Some STL functions are Simpler Than You Might Think

The STL functions generate and generate_n are quite useful, but when I first used them I thought I must be missing something. It turns out though that these functions, like many in the standard library, are really simple.

The first time I used generate_n was to initialise a vector. I looked at the documentation and quickly found how to achieve this, but sub-consciously I assumed I was only scratching the surface of what it could do. I probably thought that way about all STL functions, and in many cases I would have been right. For an example try stepping into the line:

std::cout << "Hello, world\n";

If you understand everything that happens in the above line of code you're probably someone who gets paid to implement the standard library. The fact that the operator<< is from the std namespace should have you scratching your head until you've read about Name Lookup, more specifically Koenig Lookup.

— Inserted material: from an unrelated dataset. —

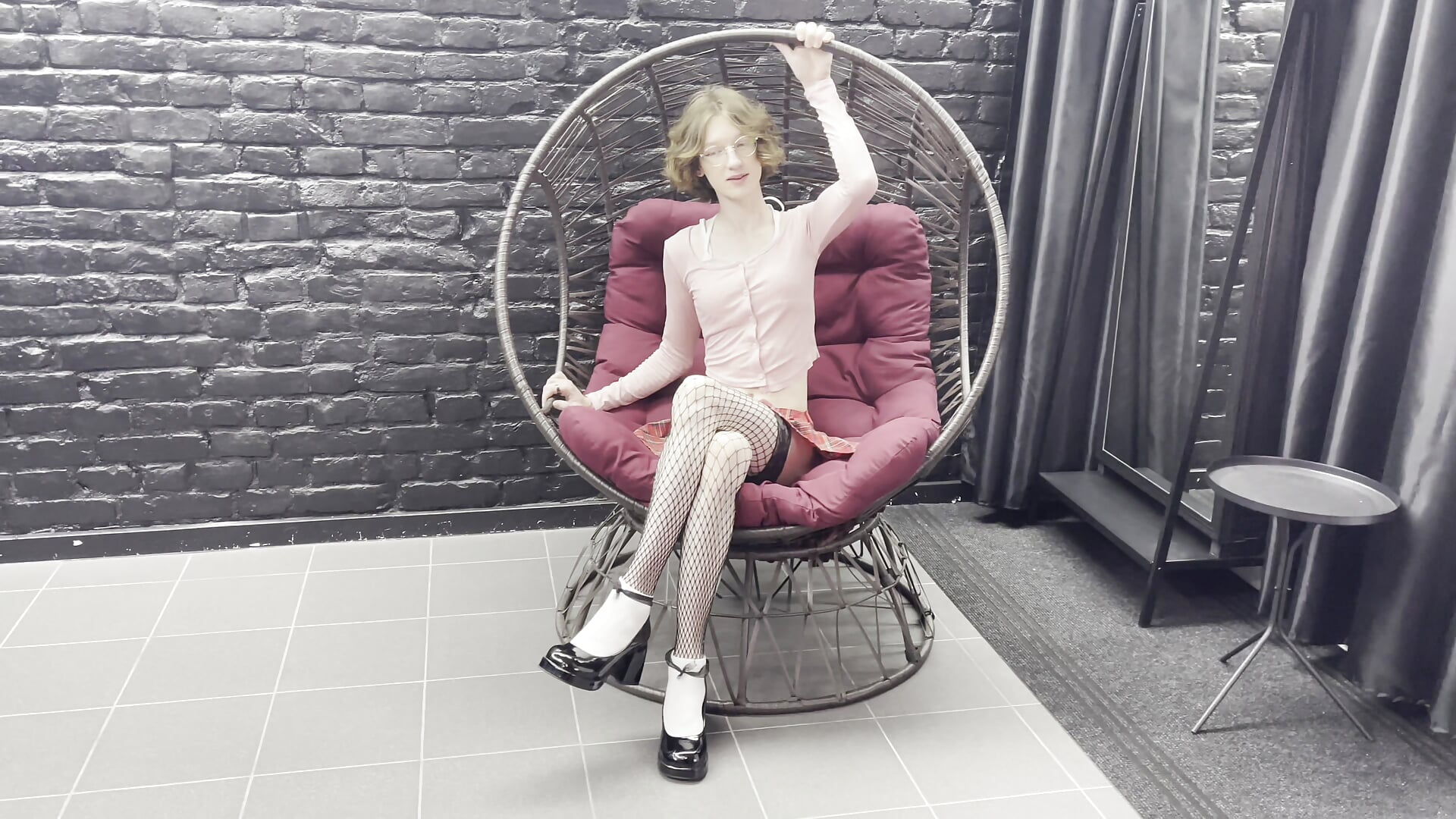 At the photostudio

However, with generate_n, things are much more straight forward. In fact, generate_n is most easily understood, and in my case demystified, by looking at the implementation. Here's the crux of the function from VC++ 2012:

template<class _OutIt,
  class _Diff,
  class _Fn0> inline
  _OutIt _Generate_n(_OutIt _Dest, _Diff _Count, _Fn0 _Func)
  {
  for (; 0 < _Count; --_Count, ++_Dest)
    *_Dest = _Func();
  return (_Dest);
  }

That's as difficult as it gets

The above code is probably as easy to understand as any documentation on generate_n. But, more importantly, when you get this, you understand the function completely. There's nothing else to it, there's no smoke nor mirrors, no __asm__, and it doesn't link to any binaries to do the real work. It's just a small bit of C++ code.

The generate function is similar except it expects two input iterators and the for loop looks like:

for (; _First != _Last; ++_First)

If you look at the standard itself this shouldn't come as a surprise. After the function declaration there are just seven lines detailing what both generate and generate_n need to conform to. Many other useful STL functions have a similar level of complexity.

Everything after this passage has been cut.